ABOUT THIS EXERCISE :: Of the lines in the data below, write out exactly those from the one holding "Vista First 2112" through the one holding "Tangkapan layar gameplay", both included.

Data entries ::
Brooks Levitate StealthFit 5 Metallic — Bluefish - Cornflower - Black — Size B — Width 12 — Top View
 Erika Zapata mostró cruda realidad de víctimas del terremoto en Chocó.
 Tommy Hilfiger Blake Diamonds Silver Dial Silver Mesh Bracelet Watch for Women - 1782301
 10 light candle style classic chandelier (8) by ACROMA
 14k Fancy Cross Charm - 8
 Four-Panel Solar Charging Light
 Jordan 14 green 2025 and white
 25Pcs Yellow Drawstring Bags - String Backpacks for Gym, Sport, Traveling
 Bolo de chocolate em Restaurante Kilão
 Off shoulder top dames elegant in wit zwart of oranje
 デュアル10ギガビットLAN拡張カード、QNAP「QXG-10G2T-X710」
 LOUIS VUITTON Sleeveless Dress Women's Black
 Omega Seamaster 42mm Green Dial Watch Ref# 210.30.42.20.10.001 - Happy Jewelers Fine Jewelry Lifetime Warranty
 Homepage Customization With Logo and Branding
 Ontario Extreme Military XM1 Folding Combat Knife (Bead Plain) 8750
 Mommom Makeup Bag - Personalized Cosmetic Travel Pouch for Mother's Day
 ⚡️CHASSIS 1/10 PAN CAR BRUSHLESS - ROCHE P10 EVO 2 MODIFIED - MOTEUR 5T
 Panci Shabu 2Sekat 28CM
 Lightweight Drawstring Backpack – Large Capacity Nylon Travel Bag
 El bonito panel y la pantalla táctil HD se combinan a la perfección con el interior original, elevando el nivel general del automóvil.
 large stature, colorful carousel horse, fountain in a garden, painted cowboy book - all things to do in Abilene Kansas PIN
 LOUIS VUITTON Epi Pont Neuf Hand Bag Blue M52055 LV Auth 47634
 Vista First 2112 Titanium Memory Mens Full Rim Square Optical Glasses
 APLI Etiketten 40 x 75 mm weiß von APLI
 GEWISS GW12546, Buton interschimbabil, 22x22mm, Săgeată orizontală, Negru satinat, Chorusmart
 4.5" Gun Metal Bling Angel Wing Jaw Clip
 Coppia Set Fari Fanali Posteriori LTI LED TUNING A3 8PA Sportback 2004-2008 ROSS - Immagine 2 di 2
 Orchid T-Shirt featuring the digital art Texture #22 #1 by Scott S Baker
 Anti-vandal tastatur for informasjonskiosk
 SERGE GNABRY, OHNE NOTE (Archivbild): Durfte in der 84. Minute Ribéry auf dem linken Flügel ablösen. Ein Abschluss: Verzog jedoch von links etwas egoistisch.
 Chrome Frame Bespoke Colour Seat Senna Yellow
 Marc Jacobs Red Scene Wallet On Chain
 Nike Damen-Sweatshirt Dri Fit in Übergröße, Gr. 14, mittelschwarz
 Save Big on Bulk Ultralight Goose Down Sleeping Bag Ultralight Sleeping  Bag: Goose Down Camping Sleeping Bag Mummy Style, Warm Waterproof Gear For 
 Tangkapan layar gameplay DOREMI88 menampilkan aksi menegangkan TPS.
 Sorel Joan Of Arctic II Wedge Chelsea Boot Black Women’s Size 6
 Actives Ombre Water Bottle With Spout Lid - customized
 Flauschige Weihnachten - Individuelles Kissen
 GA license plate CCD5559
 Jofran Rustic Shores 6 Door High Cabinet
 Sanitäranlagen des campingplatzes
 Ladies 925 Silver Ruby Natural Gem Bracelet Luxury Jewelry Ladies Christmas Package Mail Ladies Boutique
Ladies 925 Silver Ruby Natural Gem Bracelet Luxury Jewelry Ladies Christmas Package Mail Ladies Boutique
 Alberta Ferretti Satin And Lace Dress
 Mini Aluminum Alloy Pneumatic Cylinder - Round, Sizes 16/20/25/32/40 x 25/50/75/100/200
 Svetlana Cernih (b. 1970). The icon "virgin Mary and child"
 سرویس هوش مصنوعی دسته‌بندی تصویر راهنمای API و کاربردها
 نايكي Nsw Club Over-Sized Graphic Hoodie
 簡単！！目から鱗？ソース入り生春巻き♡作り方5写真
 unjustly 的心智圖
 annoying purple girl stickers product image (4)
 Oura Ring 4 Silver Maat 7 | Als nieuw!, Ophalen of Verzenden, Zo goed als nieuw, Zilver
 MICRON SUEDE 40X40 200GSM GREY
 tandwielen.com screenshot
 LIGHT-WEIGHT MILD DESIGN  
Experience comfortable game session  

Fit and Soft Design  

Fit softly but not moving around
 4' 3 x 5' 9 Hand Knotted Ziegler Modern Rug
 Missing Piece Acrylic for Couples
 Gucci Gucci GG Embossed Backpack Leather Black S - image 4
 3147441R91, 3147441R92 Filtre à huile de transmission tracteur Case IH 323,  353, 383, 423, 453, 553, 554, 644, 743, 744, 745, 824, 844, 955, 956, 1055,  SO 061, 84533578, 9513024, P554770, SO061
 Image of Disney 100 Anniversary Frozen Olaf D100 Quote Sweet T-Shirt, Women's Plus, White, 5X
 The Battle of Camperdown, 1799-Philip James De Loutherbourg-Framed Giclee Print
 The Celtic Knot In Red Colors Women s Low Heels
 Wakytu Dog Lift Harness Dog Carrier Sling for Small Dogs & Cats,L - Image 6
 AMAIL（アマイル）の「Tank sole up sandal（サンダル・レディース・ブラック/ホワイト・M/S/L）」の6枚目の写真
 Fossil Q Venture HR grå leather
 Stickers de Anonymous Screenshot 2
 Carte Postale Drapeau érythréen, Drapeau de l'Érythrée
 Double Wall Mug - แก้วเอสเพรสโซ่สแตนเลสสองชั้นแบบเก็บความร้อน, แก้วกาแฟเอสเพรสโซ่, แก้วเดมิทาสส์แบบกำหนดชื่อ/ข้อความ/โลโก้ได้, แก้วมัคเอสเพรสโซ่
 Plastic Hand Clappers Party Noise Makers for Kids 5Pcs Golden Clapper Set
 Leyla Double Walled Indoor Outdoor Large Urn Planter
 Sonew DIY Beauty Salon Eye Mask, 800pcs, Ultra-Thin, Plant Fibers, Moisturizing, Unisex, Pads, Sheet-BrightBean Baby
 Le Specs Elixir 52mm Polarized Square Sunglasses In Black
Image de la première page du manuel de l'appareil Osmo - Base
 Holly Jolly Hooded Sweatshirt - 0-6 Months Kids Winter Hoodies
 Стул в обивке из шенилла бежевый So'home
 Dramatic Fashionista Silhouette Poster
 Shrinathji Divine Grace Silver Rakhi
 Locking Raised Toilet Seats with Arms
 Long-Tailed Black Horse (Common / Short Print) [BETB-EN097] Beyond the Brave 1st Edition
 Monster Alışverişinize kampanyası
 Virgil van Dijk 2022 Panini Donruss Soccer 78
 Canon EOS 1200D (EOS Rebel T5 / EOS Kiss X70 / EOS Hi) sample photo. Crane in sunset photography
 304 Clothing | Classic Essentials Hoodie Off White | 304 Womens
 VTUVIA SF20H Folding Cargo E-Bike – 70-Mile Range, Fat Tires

SOLUTION BELOW ::
 Vista First 2112 Titanium Memory Mens Full Rim Square Optical Glasses
 APLI Etiketten 40 x 75 mm weiß von APLI
 GEWISS GW12546, Buton interschimbabil, 22x22mm, Săgeată orizontală, Negru satinat, Chorusmart
 4.5" Gun Metal Bling Angel Wing Jaw Clip
 Coppia Set Fari Fanali Posteriori LTI LED TUNING A3 8PA Sportback 2004-2008 ROSS - Immagine 2 di 2
 Orchid T-Shirt featuring the digital art Texture #22 #1 by Scott S Baker
 Anti-vandal tastatur for informasjonskiosk
 SERGE GNABRY, OHNE NOTE (Archivbild): Durfte in der 84. Minute Ribéry auf dem linken Flügel ablösen. Ein Abschluss: Verzog jedoch von links etwas egoistisch.
 Chrome Frame Bespoke Colour Seat Senna Yellow
 Marc Jacobs Red Scene Wallet On Chain
 Nike Damen-Sweatshirt Dri Fit in Übergröße, Gr. 14, mittelschwarz
 Save Big on Bulk Ultralight Goose Down Sleeping Bag Ultralight Sleeping  Bag: Goose Down Camping Sleeping Bag Mummy Style, Warm Waterproof Gear For 
 Tangkapan layar gameplay DOREMI88 menampilkan aksi menegangkan TPS.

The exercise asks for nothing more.